Government bond yield

The level of profit on government bonds is set at the level of the rate of the Central Bank of the Russian Federation. It is higher than for bank deposits, but lower than for corporate bonds.

The profit from such securities is determined by their market price at purchase, the size of the coupon and the term. The longer the coupon is held by the holder, the more income it brings.

The profit on foreign currency bonds is determined by a number of factors, but when sold, their cost can be several times higher than the nominal value.

It should be remembered that in case of early sale of government bonds, a commission fee will be withheld from the holder. Its maximum size is 3%. Accordingly, the proceeds from the sale will be less than planned.

Buying and selling

The turnover of government bonds occurs on the stock market.

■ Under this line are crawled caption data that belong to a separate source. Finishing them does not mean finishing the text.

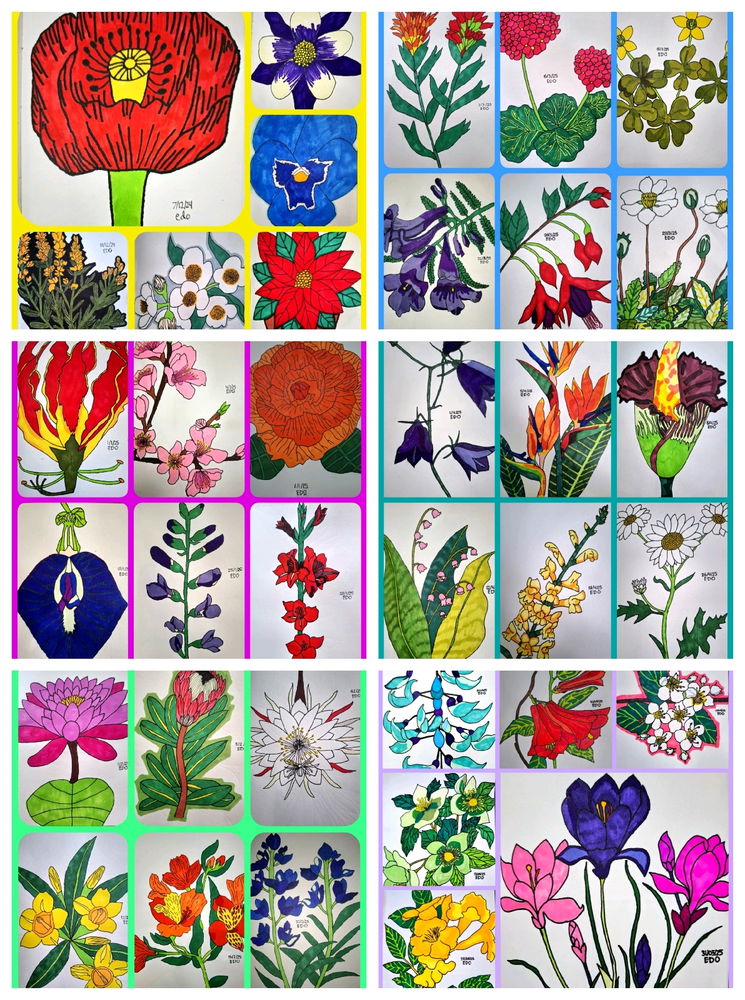 My Floral drawing (36 flowers) 💐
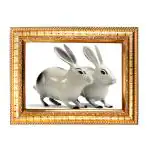 Hawai Feng Shui Vastu Remedies Wooden Framed Two White Rabbit Photo for Home Office Business Place SFDI213GLDFRM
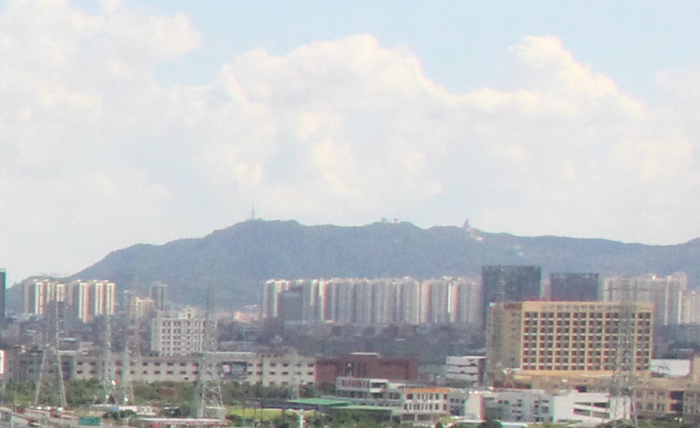 佛山海关驻高明办事处靠前服务、精准帮扶，构建特色农产品出口“快车道”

They are purchased in three ways:

  1. Through a broker.
  2. By IIS. This method gives the investor the right to receive a tax deduction of 13%.
  3. By contacting Sberbank or VTB 24.

OFZ-n are allowed to be sold only at the financial institution where they were purchased. It is prohibited to transfer, give, use as collateral or a contribution to capital. But you can bequeath and transfer government bonds by inheritance.

Cost of federal loan bonds

The average unit price is about 1000 rubles. The minimum number that can be purchased is 30 pieces, and the maximum per person is 15 thousand pieces.

Bonds with constant coupon income

As of April 1, 2019, the cost of OFZ with constant coupon income is 1,000 rubles. Profitability ranges from 6.4 to 8.15% based on issue.

Variable coupon bonds

Their price today is set at 1000 rubles per unit. Their yield varies from 7.3 to 8.3%.

Bonds with indexed par value

The price of such bonds is set taking into account the consumer price index for goods and services. As of April 4, 2020, their denomination is set within the range of 1171.07 - 1198.19 rubles per unit. The accumulated coupon income, taking into account indexation, ranges from 0.72 to 8.29%.